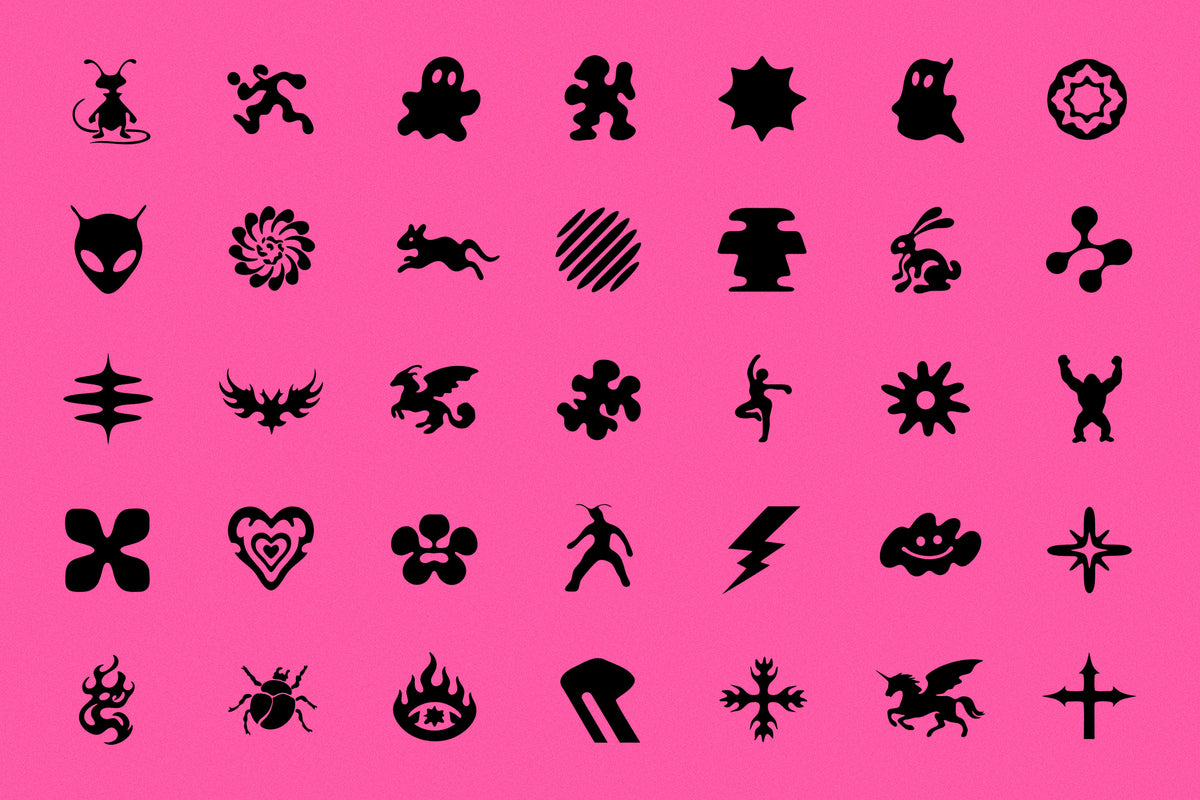 175-experimental-vector-glyphs-graphic-creatures-organic-marks-pixelbuddha-2.jpg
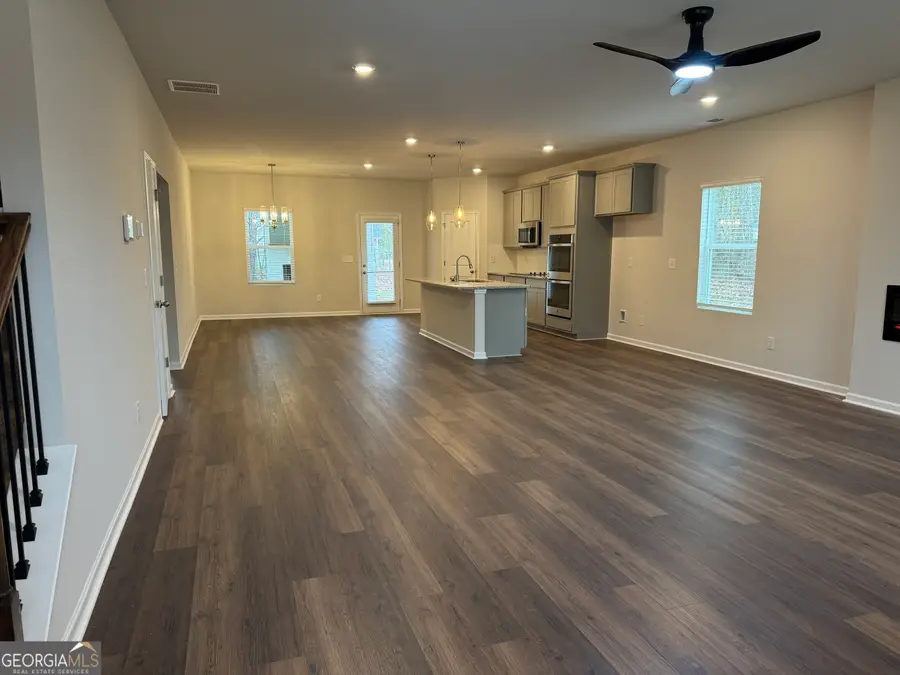 131 Post Oak Drive #209, Jackson, GA 30233 - Image #3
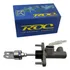 Cilindro Mestre De Embreagem Toyota Hilux 2013 2014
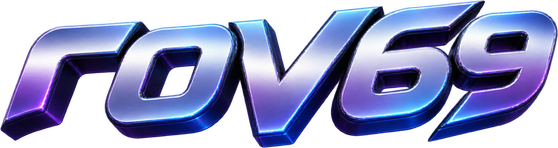 rov69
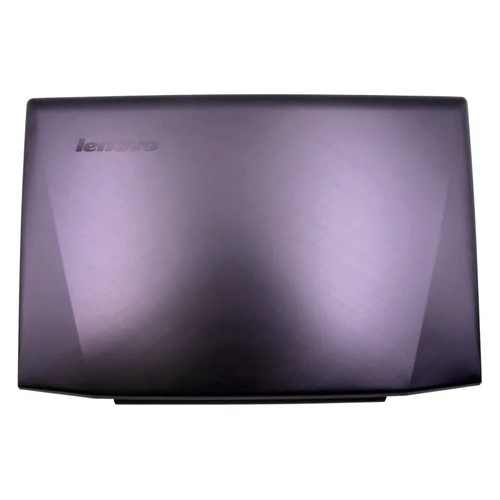 Carcasa lcd para portátil - para,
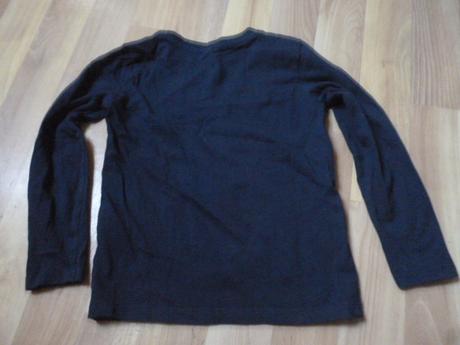 Triko auta vel. 4-5, 110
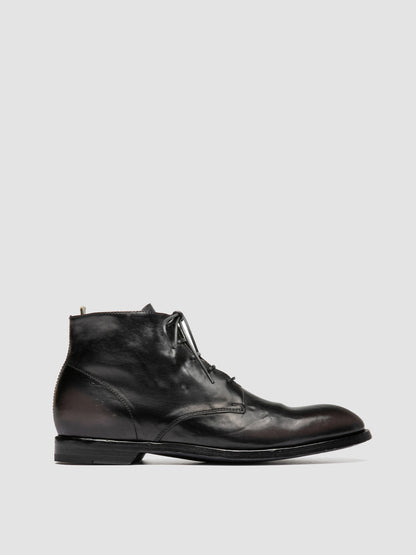 SOUND/013_W PATINA CUL. STRACCIO PIOMBO/SUPERNERO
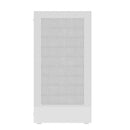 DarkFlash M305 TG Panel Luxury M-ATX PC Case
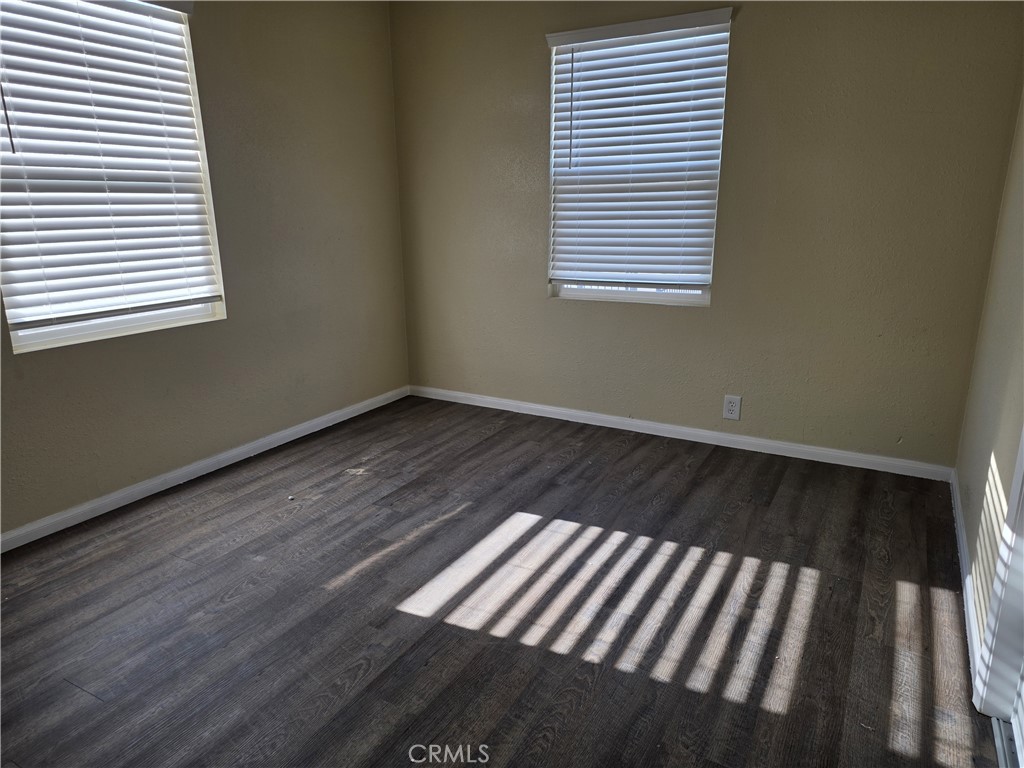 10090 Eddystone Property Photo 6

* Action item:
Please retype, exactly and only, the lines from the one holding "SOUND/013_W PATINA CUL." to the end of the entries, both ends included, without any pictures.

* Exercise answer:
 SOUND/013_W PATINA CUL. STRACCIO PIOMBO/SUPERNERO
 DarkFlash M305 TG Panel Luxury M-ATX PC Case
 10090 Eddystone Property Photo 6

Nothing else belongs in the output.